# TASK BRIEF
For this exercise, return exactly the lines of the material below that begin at the one with "لحظه غرق شدن خودرو در هندیجان" and stop after the one with "Fête sur la".

# THE RECORDS

*** Begin section ***

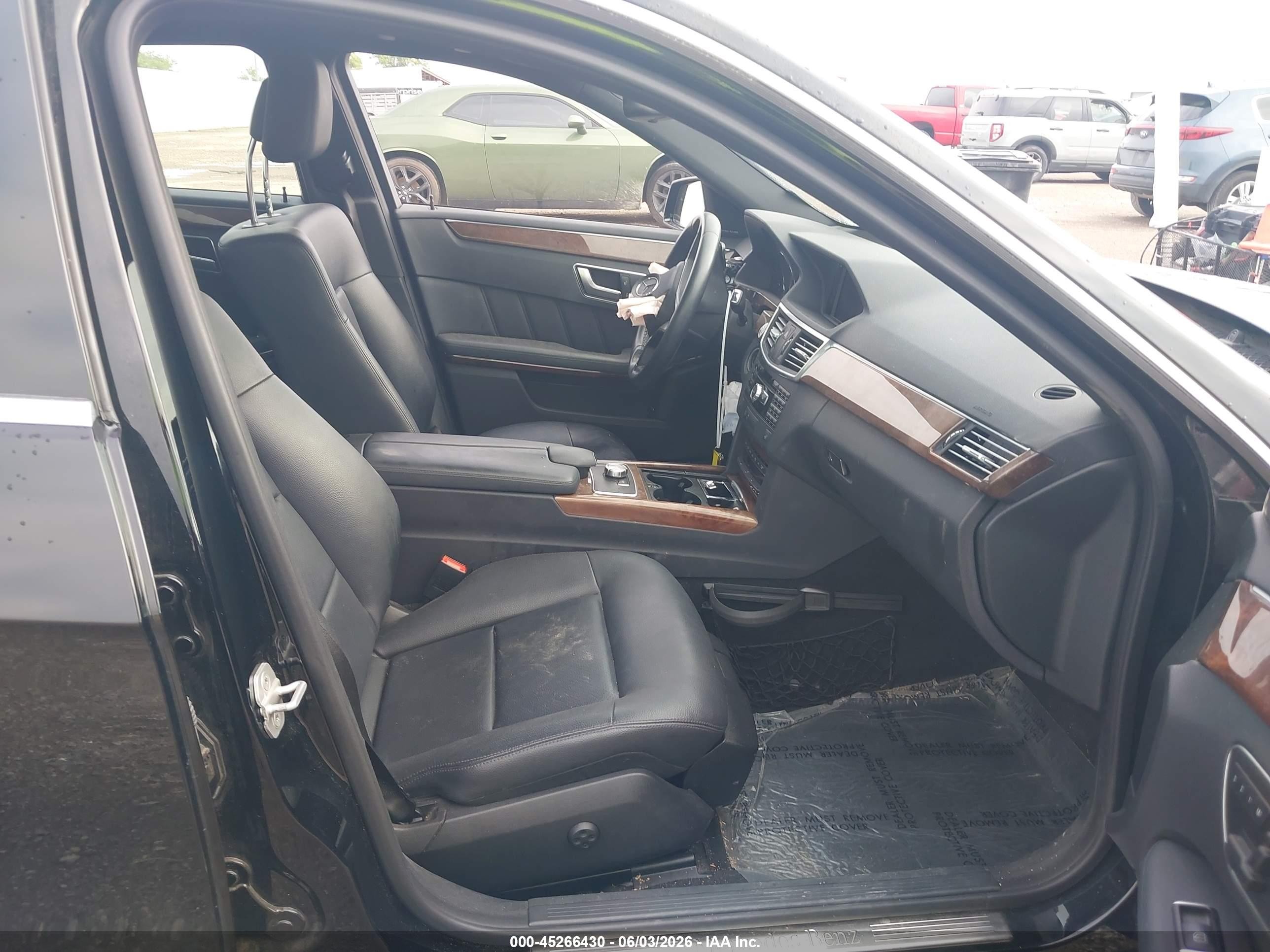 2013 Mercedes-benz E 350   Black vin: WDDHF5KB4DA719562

*** End section ***
*** Begin section ***

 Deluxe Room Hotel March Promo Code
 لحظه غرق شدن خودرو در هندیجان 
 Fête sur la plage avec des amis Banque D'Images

*** End section ***

# WRITTEN SOLUTION
 لحظه غرق شدن خودرو در هندیجان 
 Fête sur la plage avec des amis Banque D'Images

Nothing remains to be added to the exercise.